─── PROVIDED RECORDS ───

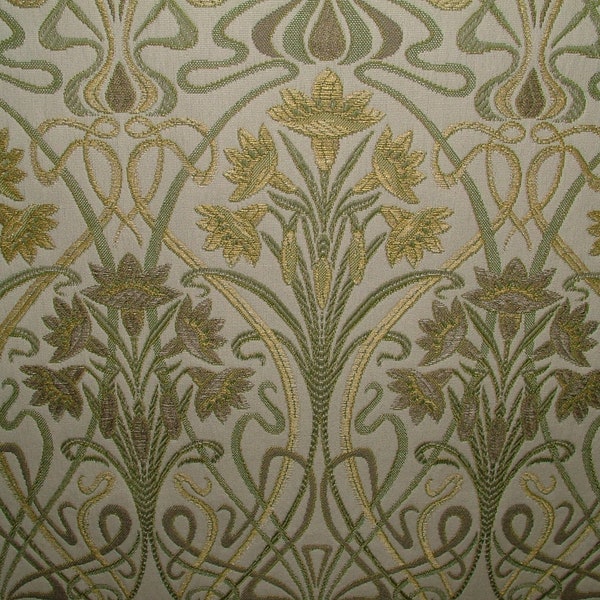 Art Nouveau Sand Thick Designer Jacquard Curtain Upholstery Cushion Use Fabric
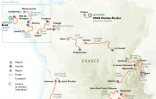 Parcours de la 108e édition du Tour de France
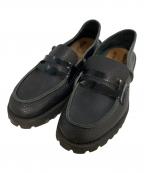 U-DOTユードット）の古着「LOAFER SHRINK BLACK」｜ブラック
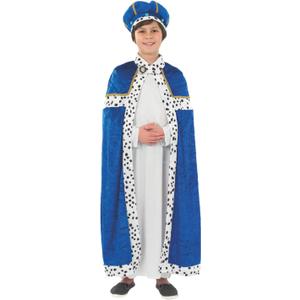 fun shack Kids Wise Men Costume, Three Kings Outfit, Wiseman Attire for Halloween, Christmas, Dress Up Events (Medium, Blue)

───
─── PROVIDED RECORDS ───

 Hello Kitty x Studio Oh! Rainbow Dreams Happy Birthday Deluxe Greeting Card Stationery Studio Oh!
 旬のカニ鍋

───
─── PROVIDED RECORDS ───

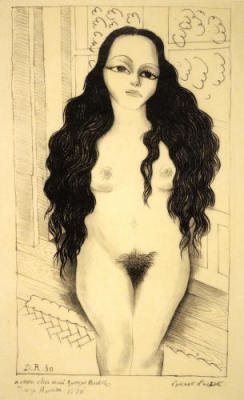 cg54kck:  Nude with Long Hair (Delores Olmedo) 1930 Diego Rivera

───

_ASSIGNMENT_
Starting at the line above that holds "U-DOTユードット）の古着「LOAFER SHRINK BLACK」｜ブラック", return each line up to and including the one that holds "fun shack Kids", exactly as written, minus any pictures.

_RESULT_
 U-DOTユードット）の古着「LOAFER SHRINK BLACK」｜ブラック
 fun shack Kids Wise Men Costume, Three Kings Outfit, Wiseman Attire for Halloween, Christmas, Dress Up Events (Medium, Blue)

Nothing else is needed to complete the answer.